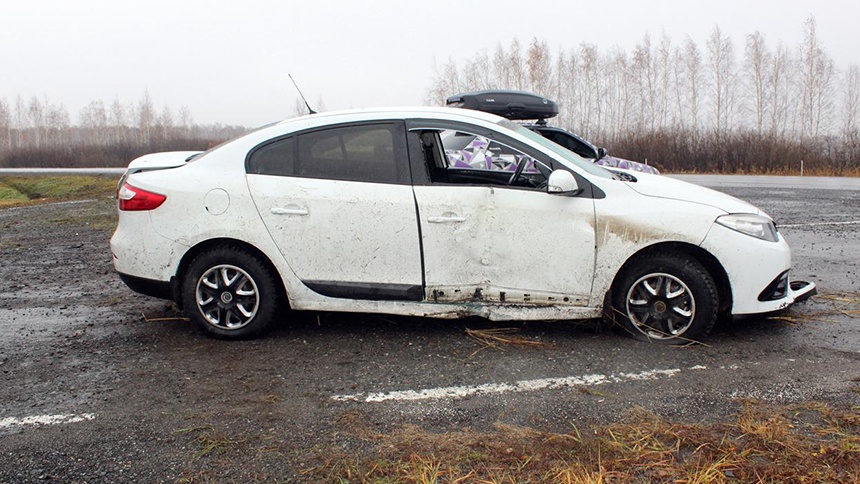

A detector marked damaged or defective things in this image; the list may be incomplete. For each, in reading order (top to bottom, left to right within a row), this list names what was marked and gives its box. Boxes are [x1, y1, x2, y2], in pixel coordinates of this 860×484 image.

damaged white sedan [111, 107, 816, 340]
dented car body [111, 107, 816, 340]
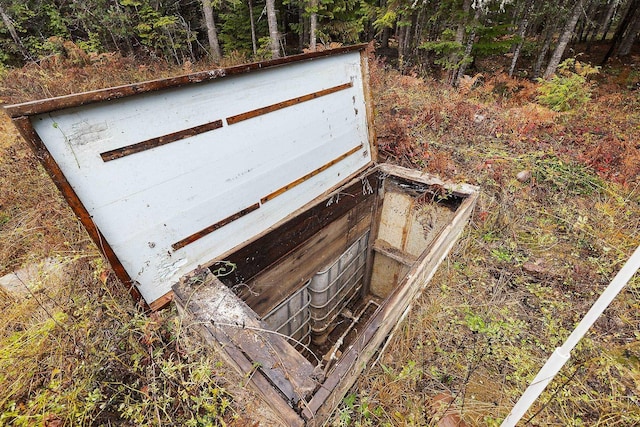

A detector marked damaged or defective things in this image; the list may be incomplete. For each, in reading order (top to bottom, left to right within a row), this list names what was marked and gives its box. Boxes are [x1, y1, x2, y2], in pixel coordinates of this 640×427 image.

rusted metal frame [10, 115, 145, 306]
rusted metal frame [98, 118, 222, 162]
rusty metal edge [3, 44, 364, 118]
rusted metal frame [5, 44, 368, 118]
rusted metal frame [172, 203, 260, 251]
rusted metal frame [228, 82, 352, 125]
rusted metal frame [212, 172, 378, 290]
rusted metal frame [258, 144, 360, 204]
rusted metal frame [358, 49, 378, 163]
rusted metal frame [304, 191, 480, 424]
rusted metal frame [171, 284, 304, 427]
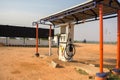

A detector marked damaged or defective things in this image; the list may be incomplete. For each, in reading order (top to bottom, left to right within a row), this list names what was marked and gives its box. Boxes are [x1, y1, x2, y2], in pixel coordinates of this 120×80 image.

rusty metal canopy [39, 0, 119, 26]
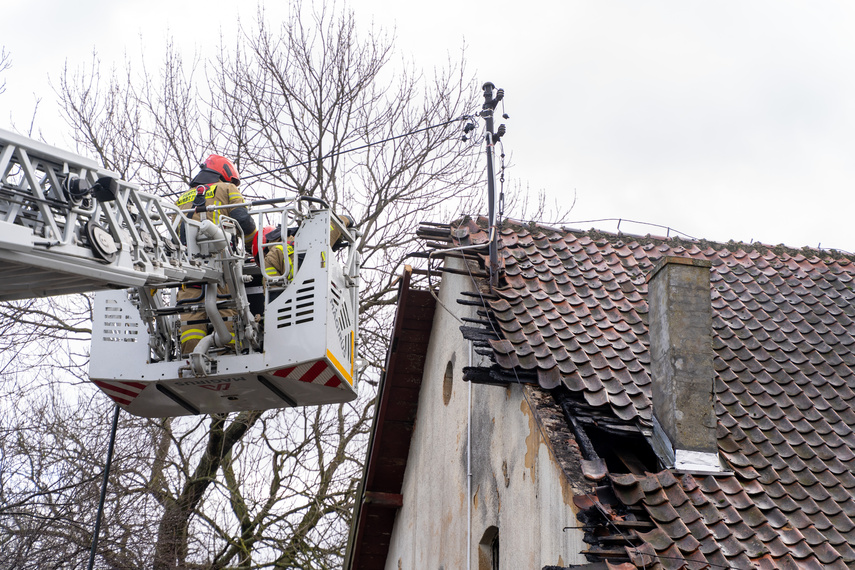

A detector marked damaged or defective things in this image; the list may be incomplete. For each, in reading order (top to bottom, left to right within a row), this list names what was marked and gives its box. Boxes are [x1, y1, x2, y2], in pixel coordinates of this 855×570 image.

burnt roof section [342, 266, 434, 568]
burnt roof section [428, 215, 855, 564]
damaged roof [434, 217, 855, 568]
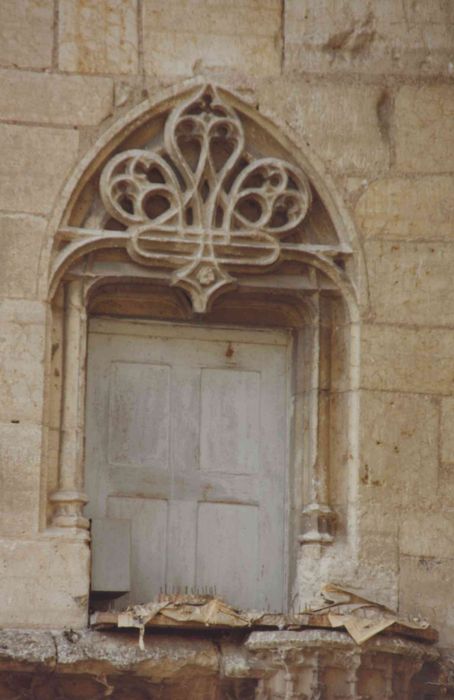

Directions:
Your task is to reproduce exactly the lines from the one that holds "this 640×427 image." to the last line of the listing, and only those, omitting the pictures.

Finished task:
A detector marked damaged or defective things in this image; the list may be incomplete. For each, in reading order (top to bottom, left to right within a row), this list names what was marked and gives its box. Boxes are [x1, y1, x2, y2], in pixel coordinates of this 640×427 image.

rusted metal frame [10, 115, 145, 306]
rusted metal frame [98, 118, 222, 162]
rusty metal edge [3, 44, 364, 118]
rusted metal frame [5, 44, 368, 118]
rusted metal frame [172, 203, 260, 251]
rusted metal frame [228, 82, 352, 125]
rusted metal frame [212, 172, 378, 290]
rusted metal frame [258, 144, 360, 204]
rusted metal frame [358, 49, 378, 163]
rusted metal frame [304, 191, 480, 424]
rusted metal frame [171, 284, 304, 427]

A detector marked damaged or defective things in this image; the list may be incomplete. For each, in reading order (top to bottom, left to right within a row), this list names what was marked and gives its box. Boxes are [x1, y1, x2, y2], in pixel coordinates of this 120×80 image.

rusty metal canopy [39, 0, 119, 26]

A detector marked damaged or defective things in this image; the list may be incomplete. For each, in reading order (top to bottom, left to right within a row), this list names what was marked and gives its box. Boxes are [x1, y1, x2, y2], in pixel coordinates of this 855×570 image.

burnt roof section [342, 266, 434, 568]
burnt roof section [428, 215, 855, 564]
damaged roof [434, 217, 855, 568]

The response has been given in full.